Bu tablodan okunabileceği gibi, fon henüz içine doğduğu dünyayı tanımakla meşgul. Bir süre de bu böyle olacak. Teşhis bitip, hedefler konduktan sonra performans göstermek gerekecek. Sadece kendine devredilen varlıklarla yetinmesi tembellik olacağı için anahtar kelime 'performans' ve bununla bağlantılı olarak 'başarı'. Sadece yol köprü fonlanacak olsa ya da para piyasalarındaki aşırı hareketlere tepki vermek gerekse bunu hali hazırda yapabilecek aktif kurumlarımız vardı zaten. Bu yüzden başarılı olmak şart. Kamu kurumlarının kriterleri, ölçümleri olacak.

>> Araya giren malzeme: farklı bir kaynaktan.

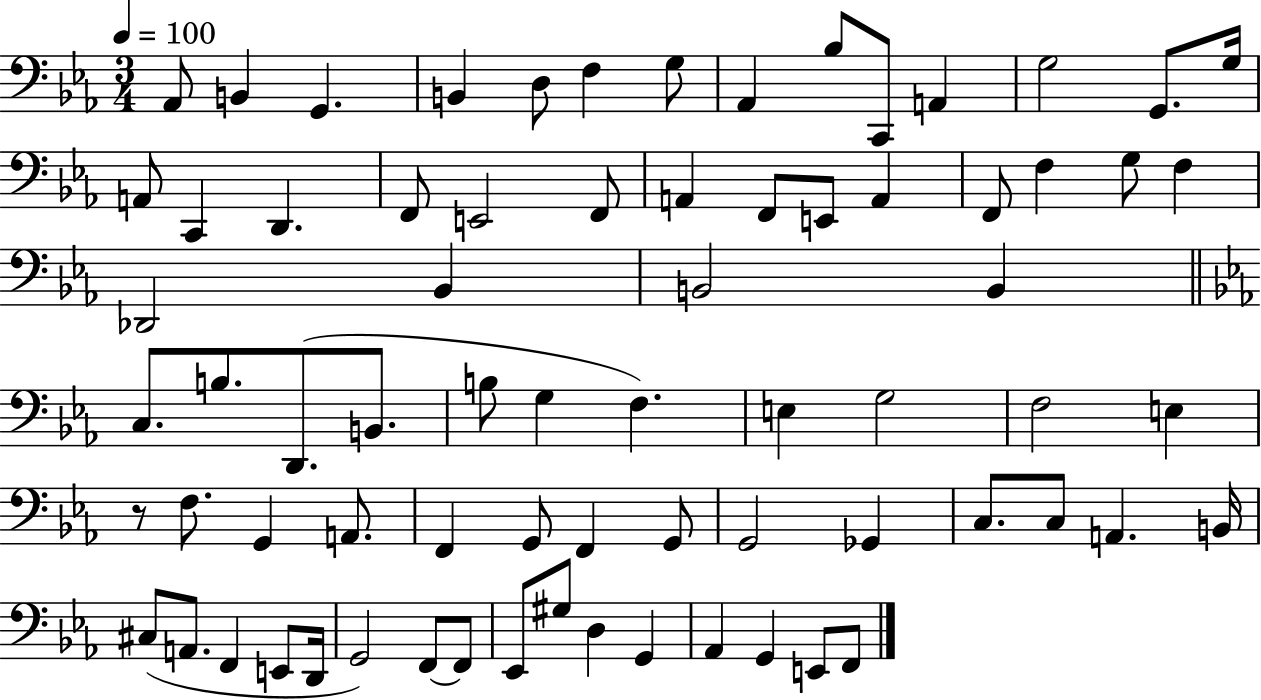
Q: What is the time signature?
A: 3/4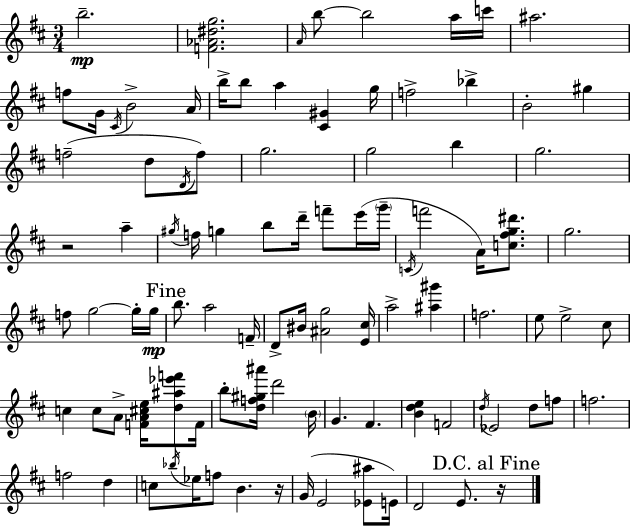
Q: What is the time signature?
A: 3/4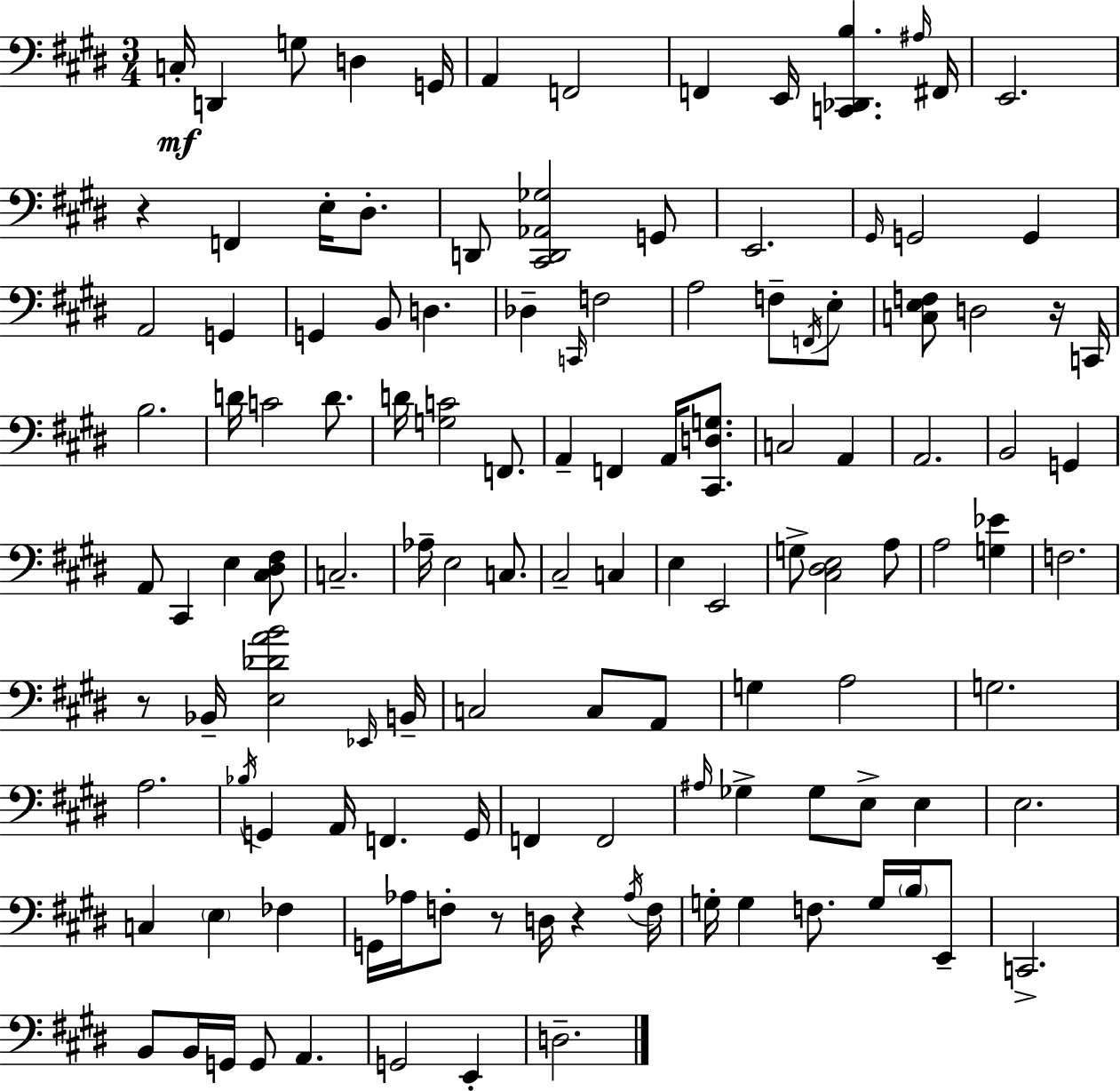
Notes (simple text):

C3/s D2/q G3/e D3/q G2/s A2/q F2/h F2/q E2/s [C2,Db2,B3]/q. A#3/s F#2/s E2/h. R/q F2/q E3/s D#3/e. D2/e [C#2,D2,Ab2,Gb3]/h G2/e E2/h. G#2/s G2/h G2/q A2/h G2/q G2/q B2/e D3/q. Db3/q C2/s F3/h A3/h F3/e F2/s E3/e [C3,E3,F3]/e D3/h R/s C2/s B3/h. D4/s C4/h D4/e. D4/s [G3,C4]/h F2/e. A2/q F2/q A2/s [C#2,D3,G3]/e. C3/h A2/q A2/h. B2/h G2/q A2/e C#2/q E3/q [C#3,D#3,F#3]/e C3/h. Ab3/s E3/h C3/e. C#3/h C3/q E3/q E2/h G3/e [C#3,D#3,E3]/h A3/e A3/h [G3,Eb4]/q F3/h. R/e Bb2/s [E3,Db4,A4,B4]/h Eb2/s B2/s C3/h C3/e A2/e G3/q A3/h G3/h. A3/h. Bb3/s G2/q A2/s F2/q. G2/s F2/q F2/h A#3/s Gb3/q Gb3/e E3/e E3/q E3/h. C3/q E3/q FES3/q G2/s Ab3/s F3/e R/e D3/s R/q Ab3/s F3/s G3/s G3/q F3/e. G3/s B3/s E2/e C2/h. B2/e B2/s G2/s G2/e A2/q. G2/h E2/q D3/h.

Öyleyse, şimdiden fonun tam olarak hangi takvim ile neler yapacağını tahmin etmek mümkün değil. Hangi varlığın tam olarak nasıl değerlendirileceğini şu an fon yönetimi de bilmiyor, bilemez de zaten.
FONLAR NEREYE YATIRILACAK?
Tüm bu genel mantık oturduktan sonra,
- Katılım bankacılığı
- Altyapı projeleri
- Yurt dışı işlemler
- Yurt içi para piyasası & sermaye piyasaları işlemleri (halka arz, özelleştirme, kıymet ihracı vs.)
- Teknoloji yatırımları
- Stratejik sektörlerde tıkanıklıkları açma hamleleri
- İhracat ve yatırımları artırmak için Eximbank ve Kalkınma Bankası üzerinden yatırımlar
Başlıklarında fonun aktif olmaya çalıştığını göreceğiz. Amaç büyüme hedeflerinin yakalanması ile uyumlu olarak varlıkların ve kaynakların doğru dağılımı olacak.

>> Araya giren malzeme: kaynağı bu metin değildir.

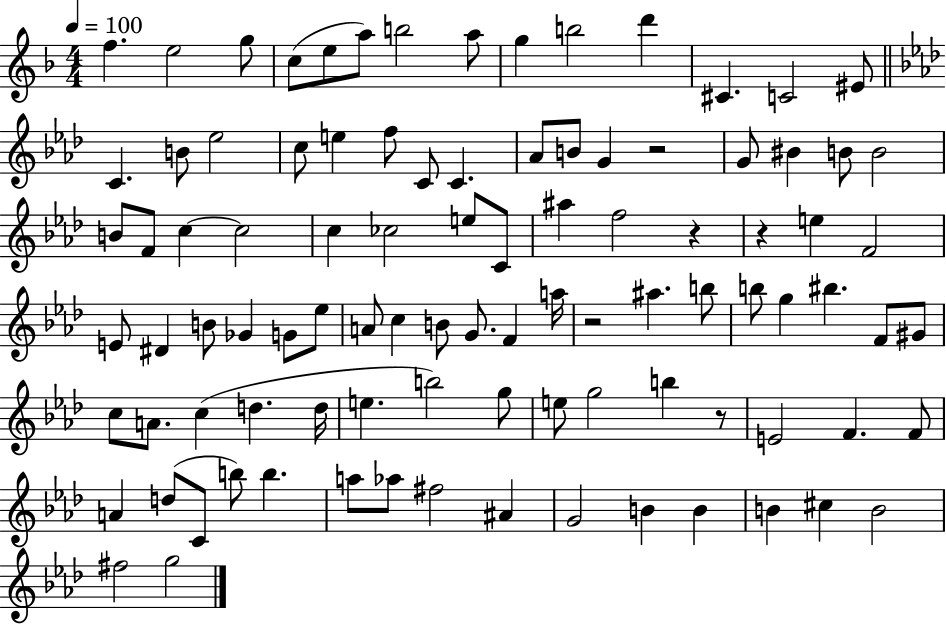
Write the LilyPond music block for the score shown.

{
  \clef treble
  \numericTimeSignature
  \time 4/4
  \key f \major
  \tempo 4 = 100
  \repeat volta 2 { f''4. e''2 g''8 | c''8( e''8 a''8) b''2 a''8 | g''4 b''2 d'''4 | cis'4. c'2 eis'8 | \break \bar "||" \break \key f \minor c'4. b'8 ees''2 | c''8 e''4 f''8 c'8 c'4. | aes'8 b'8 g'4 r2 | g'8 bis'4 b'8 b'2 | \break b'8 f'8 c''4~~ c''2 | c''4 ces''2 e''8 c'8 | ais''4 f''2 r4 | r4 e''4 f'2 | \break e'8 dis'4 b'8 ges'4 g'8 ees''8 | a'8 c''4 b'8 g'8. f'4 a''16 | r2 ais''4. b''8 | b''8 g''4 bis''4. f'8 gis'8 | \break c''8 a'8. c''4( d''4. d''16 | e''4. b''2) g''8 | e''8 g''2 b''4 r8 | e'2 f'4. f'8 | \break a'4 d''8( c'8 b''8) b''4. | a''8 aes''8 fis''2 ais'4 | g'2 b'4 b'4 | b'4 cis''4 b'2 | \break fis''2 g''2 | } \bar "|."
}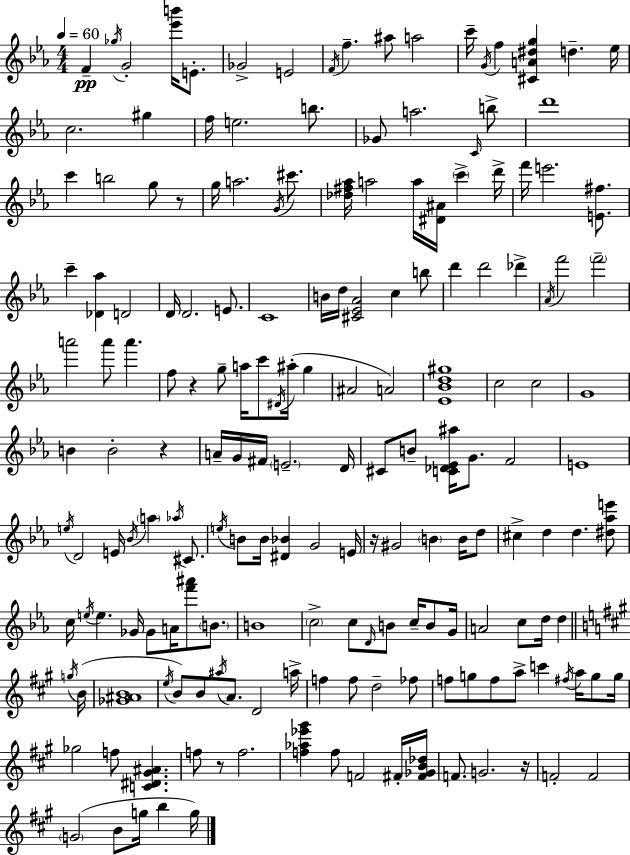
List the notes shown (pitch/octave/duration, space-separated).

F4/q Gb5/s G4/h [Eb6,B6]/s E4/e. Gb4/h E4/h F4/s F5/q. A#5/e A5/h C6/s G4/s F5/q [C#4,A4,D#5,G5]/q D5/q. Eb5/s C5/h. G#5/q F5/s E5/h. B5/e. Gb4/e A5/h. C4/s B5/e D6/w C6/q B5/h G5/e R/e G5/s A5/h. G4/s C#6/e. [Db5,F#5,Ab5]/s A5/h A5/s [D#4,A#4]/s C6/q D6/s F6/s E6/h. [E4,F#5]/e. C6/q [Db4,Ab5]/q D4/h D4/s D4/h. E4/e. C4/w B4/s D5/s [C#4,Eb4,Ab4]/h C5/q B5/e D6/q D6/h Db6/q Ab4/s F6/h F6/h A6/h A6/e A6/q. F5/e R/q G5/e A5/s C6/e D#4/s A#5/s G5/q A#4/h A4/h [Eb4,Bb4,D5,G#5]/w C5/h C5/h G4/w B4/q B4/h R/q A4/s G4/s F#4/s E4/h. D4/s C#4/e B4/e [C4,Db4,Eb4,A#5]/s G4/e. F4/h E4/w E5/s D4/h E4/s Bb4/s A5/q Ab5/s C#4/e. E5/s B4/e B4/s [D#4,Bb4]/q G4/h E4/s R/s G#4/h B4/q B4/s D5/e C#5/q D5/q D5/q. [D#5,Ab5,E6]/e C5/s E5/s E5/q. Gb4/s Gb4/e A4/s [F6,A#6]/e B4/e. B4/w C5/h C5/e D4/s B4/e C5/s B4/e G4/s A4/h C5/e D5/s D5/q G5/s B4/s [Gb4,A#4,B4]/w E5/s B4/e B4/e A#5/s A4/e. D4/h A5/s F5/q F5/e D5/h FES5/e F5/e G5/e F5/e A5/e C6/q F#5/s A5/s G5/e G5/s Gb5/h F5/e [C4,D#4,G#4,A#4]/q. F5/e R/e F5/h. [F5,Ab5,Eb6,G#6]/q F5/e F4/h F#4/s [F#4,Gb4,B4,Db5]/s F4/e. G4/h. R/s F4/h F4/h G4/h B4/e G5/s B5/q G5/s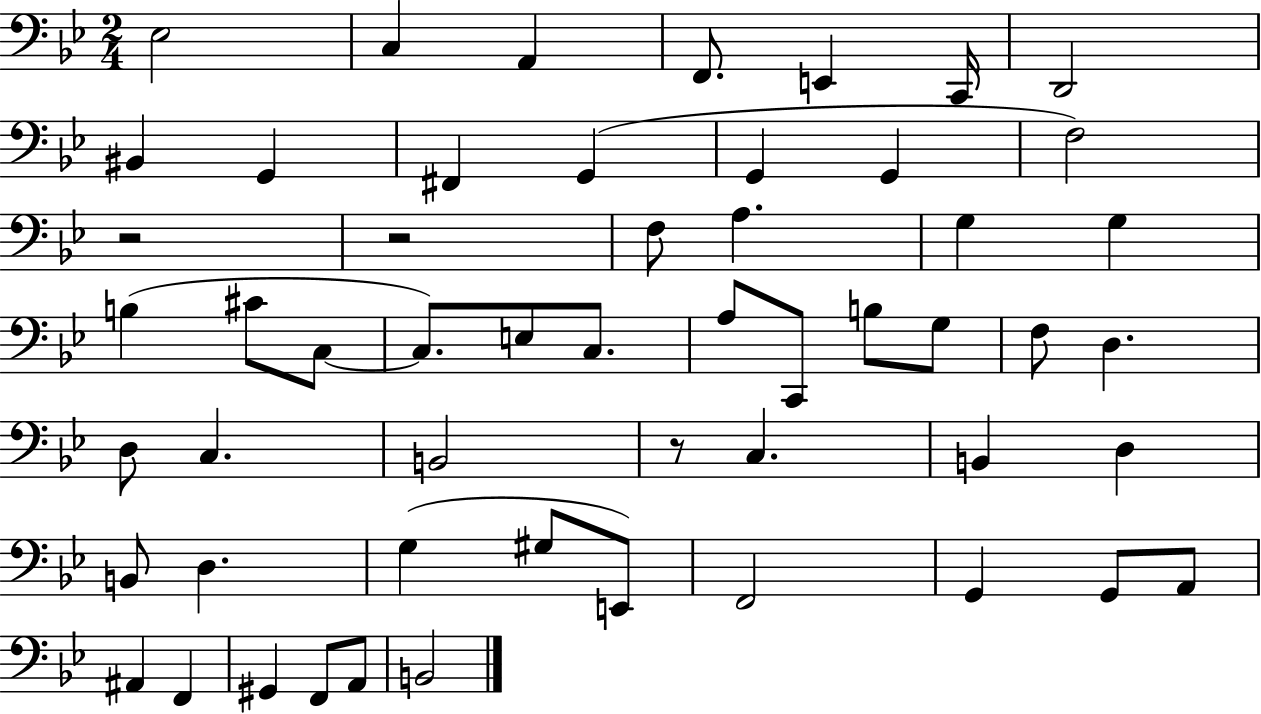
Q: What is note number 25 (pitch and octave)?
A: A3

Ete kemiğe büründürelim. Fon (örneğin) ÜBER'den %5 pay alacak, Deutsche Bank'ta tahvil yatırımcısı olacak, yurt dışında yeni kurulan bir teknoloji eko-sistemine fon havuzu sağlayacak, içeride ortağı olduğu köprünün gelirlerine dayanarak katılım senedi ihraç edecek, TÜrk Hava Yolları'nın hisselerinin bir kısmını piyasadan geri alacak, Ziraat Bankası'nın %30'unu halka açacak, kendi kurduğu fonları işsizlik fonuna satacak, kendi katılım paylarını otomatik katılım tasarruflarına pazarlayacak. Saydığım tüm yatırımlar hayal ürünü olmakla birlikte, hepsi de mümkün.
Söylemeden geçemem, bu işlemler büyük bir ekspertiz gerektirecek.
Bir sonraki yazıda fonun yönetimini, yapısını ve denetlenmesini tartışmaya çalışacağım.